Leprechaun: Origins Oct 1, 2014 11:05:48 GMT -5
Post by StevePulaski on Oct 1, 2014 11:05:48 GMT -5
Leprechaun: Origins (2014)
Directed by: Zach Lipovsky
Directed by: Zach Lipovsky
When I first heard an origin story of the infamous Leprechaun franchise was being made, I couldn't help but laugh and voice my opinions aloud to nobody other than myself. The one franchise that I'm almost certain nobody wanted an origin story to had gotten an origin story, and now it makes the sixth follow-up/sequel to the 1993 cult classic horror film Leprechaun. Who would've thought a film about a witty, serial-killing leprechaun would've spawned six follow-ups, one of which taking place in space, two taking place in "the hood," and, finally, a proclaimed "reboot" twenty-one years after its release? And you thought Freddy Kruger and Jason Voorhees wouldn't stay dead.
Leprechaun: Origins is a thoroughly odious and disrespectful film to the franchise that, yes, in some ways, does deserve respect. The original Leprechaun film kickstarted the career of Friends actress Jennifer Aniston and provided another pint-sized serial-killer to go alongside the likes of Chucky and Tiffany from the Child's Play franchise. This origin story, which doesn't at all feel like an origin story, much less connected to the franchise the film is named after, does a miserable job at not only being loyal to its franchise but simply trying to maintain enough composure to act as a presentable horror film. It's the messiest and most abysmal horror film of 2014 thus far.

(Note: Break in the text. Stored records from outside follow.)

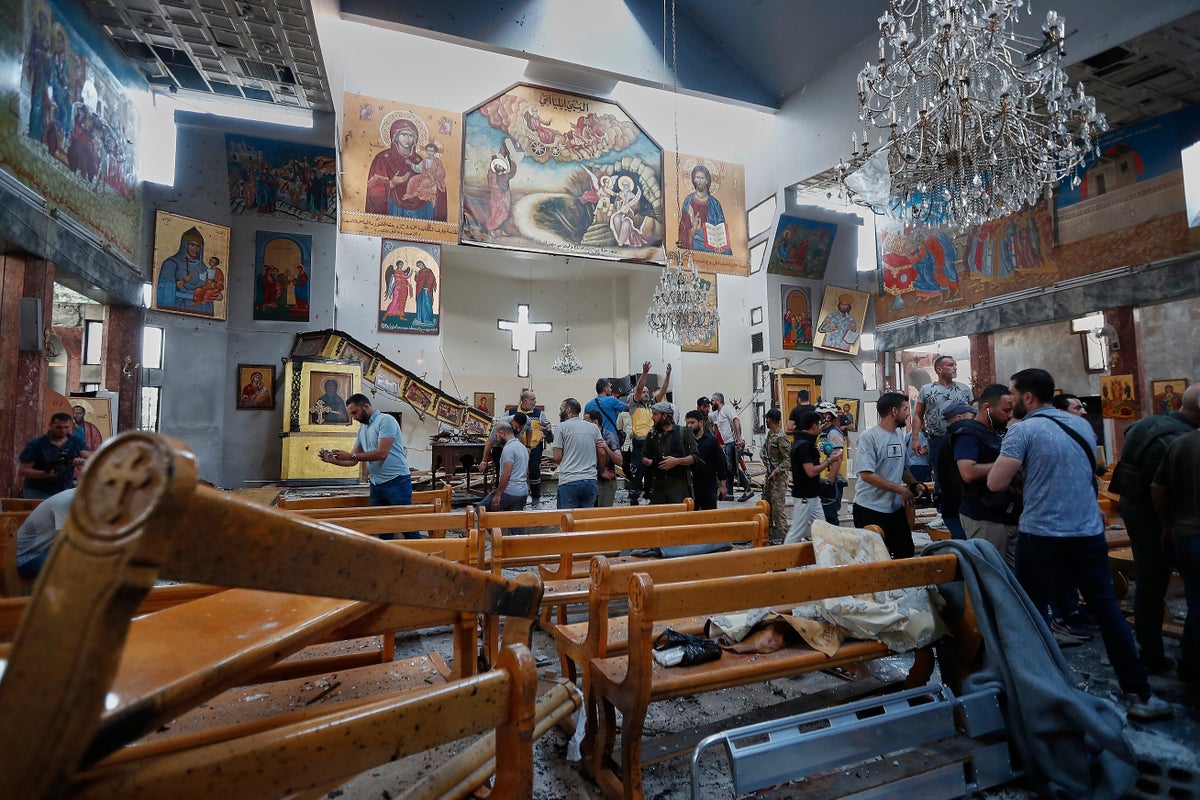 Suicide bomber kills at least 22 in packed Syrian church near Damascus
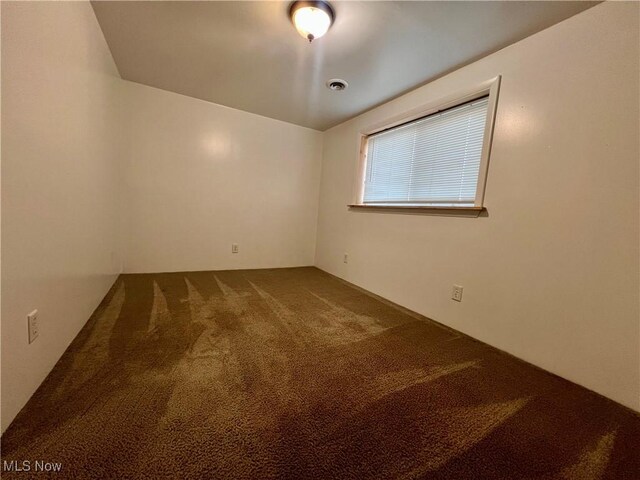 empty room featuring visible vents and carpet floors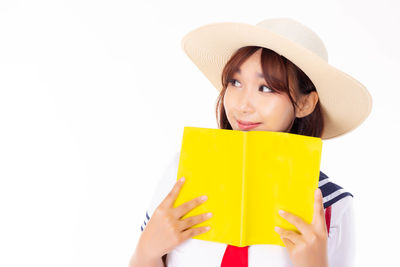 Portrait of woman holding hat against white background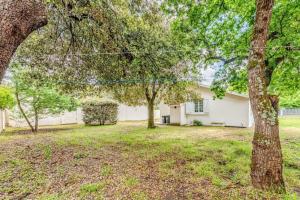 a white house with trees in the yard at Maison charmante à Soulac-sur-Mer avec jardin clôturé in Soulac-sur-Mer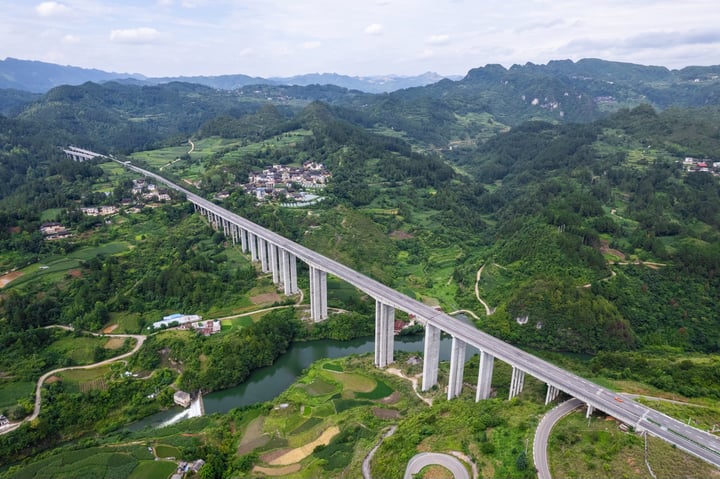 An aerial view of a long concrete bridge spanning a river in a lush green valley, with a town and houses in the distance.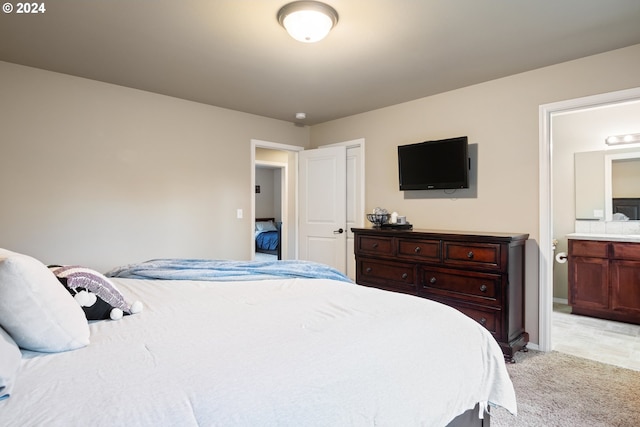 bedroom featuring light carpet and ensuite bath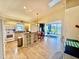 Open kitchen with an island, and stainless steel appliances perfect for cooking and entertaining at 11371 Perico Isle Cir, Bradenton, FL 34209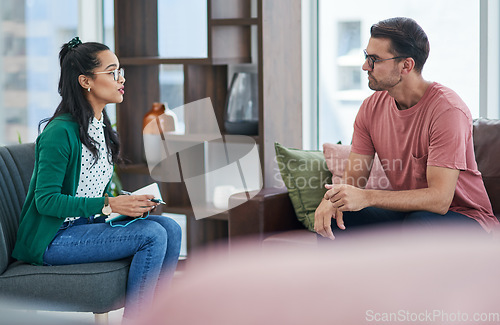 Image of Mental health, psychology or counseling with a woman therapist and male patient talking in her office. Psychologist, therapy and trust with a female doctor or shrink consulting a man for healing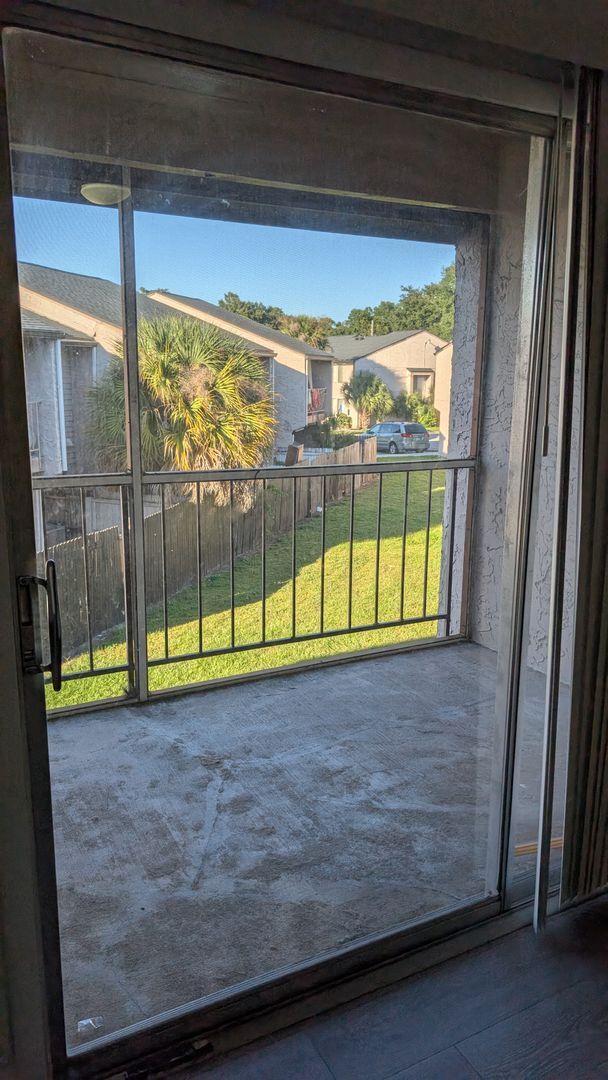 Building Photo - Two Bedrooms with terrace and fenced patio. Move in Special: Move before February 28th. for a sec...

The film concerns a group of Irish backpackers, faceless and lacking in personality, like we'd expect, hiking through scenic Ireland. They are offered an old cabin in the outskirts of the Irish woods by a group of offputting locals as a place to sleep for the night. However, they soon realize upon entering the ominous cabin they are locked in and have no immediate way of escaping. That's when they find a vicious leprechaun lurking in the fireplace, and realize they are the leprechauns sacrifices, doomed to die by vicious mutilation.
For the first time in the franchise's six film streak, Warwick Davis does not play the leprechaun. Instead, we have Dylan "Hornswoggle" Postl of WWE fame (as this film is brought to us by WWE Studios) filling in his duty, but it's not like that fact even matters. The original Leprechaun films, while often subpar in quality, found a delicate balance of witty humor coming from what Davis's leprechaun would do and say and brutal violence. He was smug, sarcastic, and would taunt his victims before often savagely murdering them. Postl is given no real dialog in the film, making the titular character not even good enough for a shred of personality or flair in his own film. In a franchise known for its idiocy and black comedy, why this element was excluded from the alleged origin story of the character is beyond me.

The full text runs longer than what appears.